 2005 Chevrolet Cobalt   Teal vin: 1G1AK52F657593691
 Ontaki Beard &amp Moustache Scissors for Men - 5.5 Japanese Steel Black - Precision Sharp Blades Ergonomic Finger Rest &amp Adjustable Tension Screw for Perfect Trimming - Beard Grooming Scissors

-=-=-

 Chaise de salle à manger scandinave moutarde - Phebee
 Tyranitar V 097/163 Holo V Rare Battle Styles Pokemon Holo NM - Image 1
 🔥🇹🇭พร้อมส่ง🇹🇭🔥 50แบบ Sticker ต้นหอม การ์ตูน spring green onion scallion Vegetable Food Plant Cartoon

-=-=-

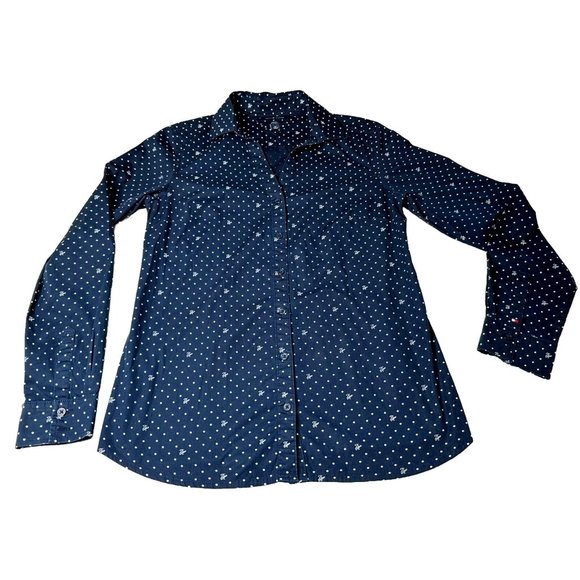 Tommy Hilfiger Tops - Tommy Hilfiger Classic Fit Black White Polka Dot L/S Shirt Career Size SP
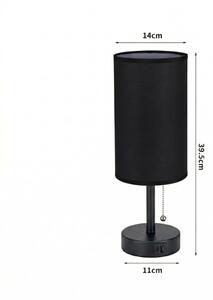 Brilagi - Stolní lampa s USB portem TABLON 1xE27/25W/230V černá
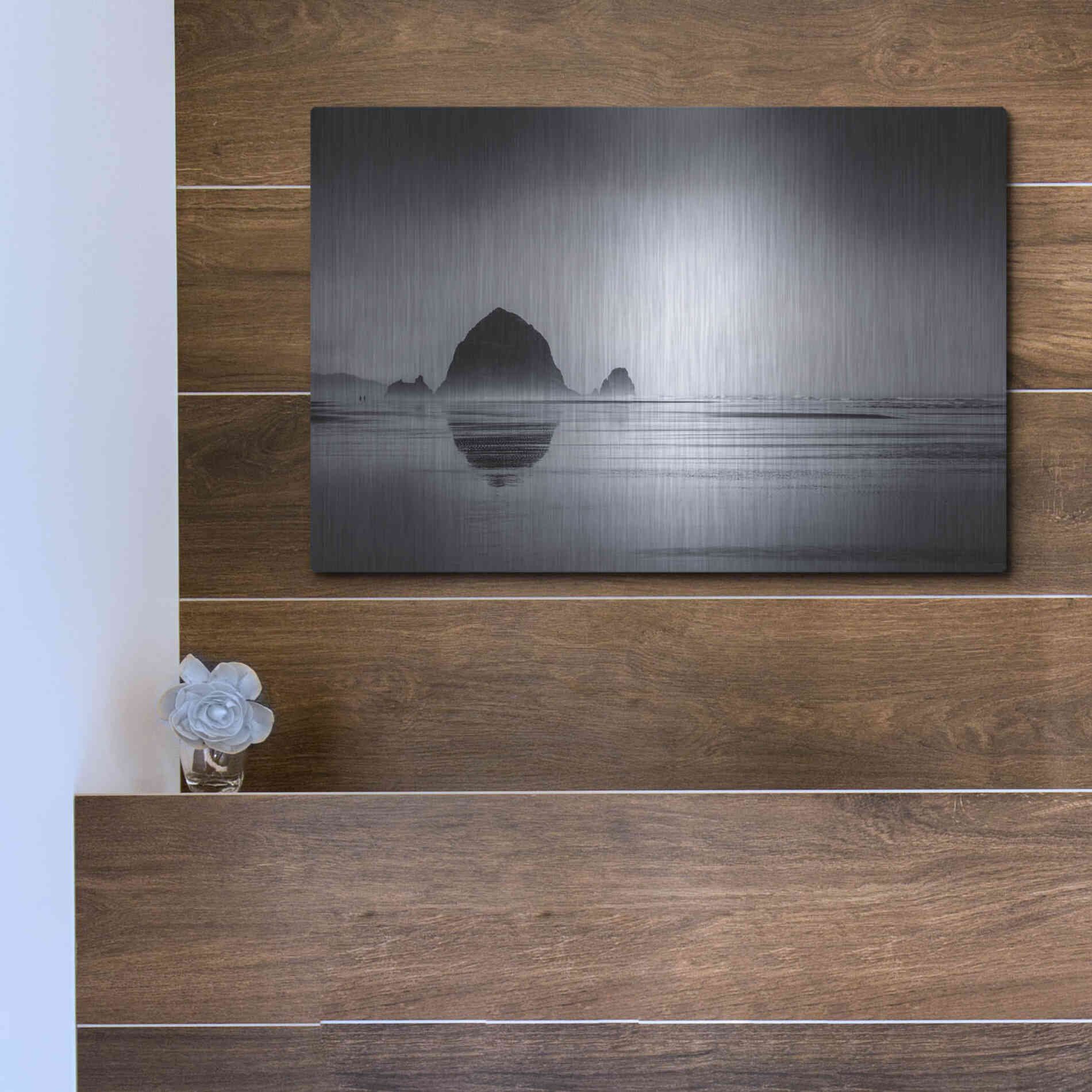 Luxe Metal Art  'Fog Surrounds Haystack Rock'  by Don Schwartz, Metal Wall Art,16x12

-=-=-

__ACTION ITEM__
Only one stretch of the records above is wanted: the lines between the one holding "2005 Chevrolet Cobalt" and the one holding "Ontaki Beard &amp", inclusive, reproduced exactly.

__RESULT BELOW__
 2005 Chevrolet Cobalt   Teal vin: 1G1AK52F657593691
 Ontaki Beard &amp Moustache Scissors for Men - 5.5 Japanese Steel Black - Precision Sharp Blades Ergonomic Finger Rest &amp Adjustable Tension Screw for Perfect Trimming - Beard Grooming Scissors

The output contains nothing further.